A structure of each of the film-forming chambers 5 a to 5 f is described with reference to FIGS. 2( a) and 2(b). As shown in FIGS. 2( a) and 2(h), the substrate 2 is fed in the forward feed direction (the arrow A), and the first grip rollers 6 are accommodated to the substrate fed in the forward reed direction. High-voltage electrodes 7 a to 7 f and ground electrodes 8 a to 8 f are placed, face-to-face, in the film-forming chambers 5 a to 5 f, respectively. The substrate 2 passes through between each of the high-voltage electrodes 7 a to 7 f and each of the ground electrodes 8 a to 8 f. The high-voltage electrodes 7 a to 7 f and the ground electrodes 8 a to 8 f are shorter, in the width direction of the substrate 2, than the with of the substrate 2. The thin-film laminated body is not formed neither an upper end part nor a lower end part of the substrate 2 in the width direction. Film formation gas is supplied into the film-forming chambers 5 a to 5 f. The film-forming chambers 5 a to 5 f can be kept hermetic. In these film-forming chambers 5 a to 5 f, the thin film is formed on the substrate 2 when the substrate 2 is positioned between each of the high-voltage electrodes 7 a to 7 f and each of the ground electrodes 8 a to 8 f. Examples of a method for forming a film on the surface of the substrate 2 include CVD (Chemical Vapor Deposition), PVD (Physical Vapor Deposition) and the like. The number film-forming chambers shown in FIG. 1 is used an example, and is not limited to the one described above and can be changed in accordance with the specifications of the manufacturing device 1. In addition to the film-forming chambers, a heat chamber for heating the substrate 2 may be provided.
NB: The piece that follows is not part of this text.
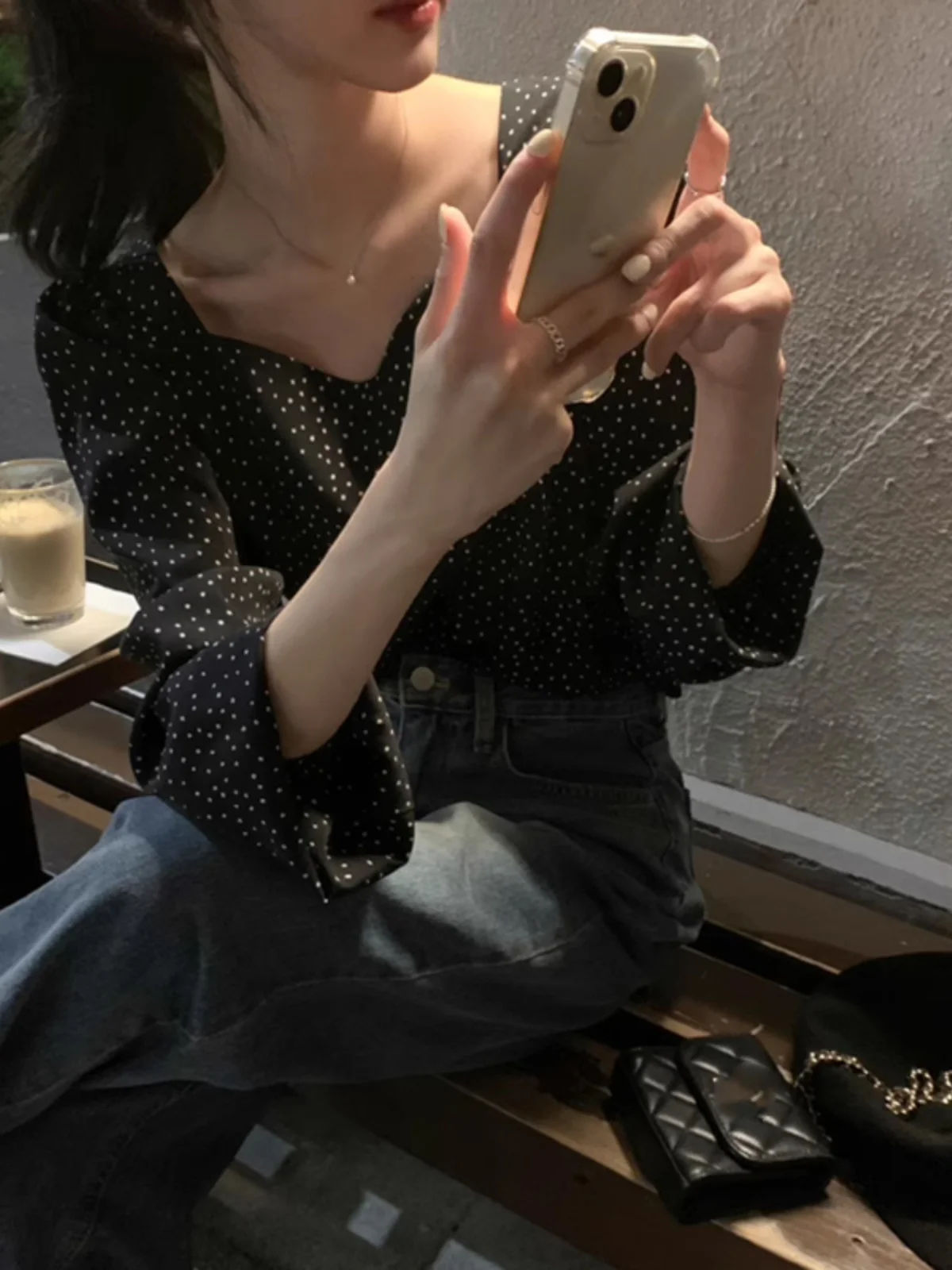 قميص أنيق بأكمام فقاعية للنساء فضفاض بياقة مربعة للتخسيس منقط على الطراز الكوري وأكمام طويلة وطول قصير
The manufacturing device 1 is further provided with a detection device 9 for detecting the position of the substrate 2 in the width direction. The detection device 9 may be configured to be able to detect, for example, the position of an edge part of the substrate in the width direction. In addition, it is particularly preferred that the detection device 9 be a noncontact sensor or, for example, a transmission-type laser sensor or a reflective photosensor. The detection device 9 is connected to a control device 10.
Each pair of first grip rollers 6 is configured to be rotatable-around rotation axes 6 a thereof, and is placed between the adjacent film-forming chambers, in a manner as to sandwich the upper end part of the substrate 2 therebetween. In other words, the pair of first grip rollers 6 sandwiches a section of the substrate 2 that does not have the thin-film laminated body formed thereon. An outer circumferential surface 6 b of each of the first grip rollers 6 may be formed of an elastic body. Examples of the elastic body include silicon rubber, fluorine rubber, and other heat-resistant rubbers. In another instance, the outer circumferential surface 6 b of each of the first grip rollers 6 may be formed of a synthetic resin such as PTFE and polyimide or may be formed of a material applied with stainless steel, iron, or chrome. Moreover, the outer circumferential surface 6 b of each of the first grip rollers 6 may be formed of any materials as long as predetermined performances such as a force for protecting and gripping the substrate 2 can be obtained.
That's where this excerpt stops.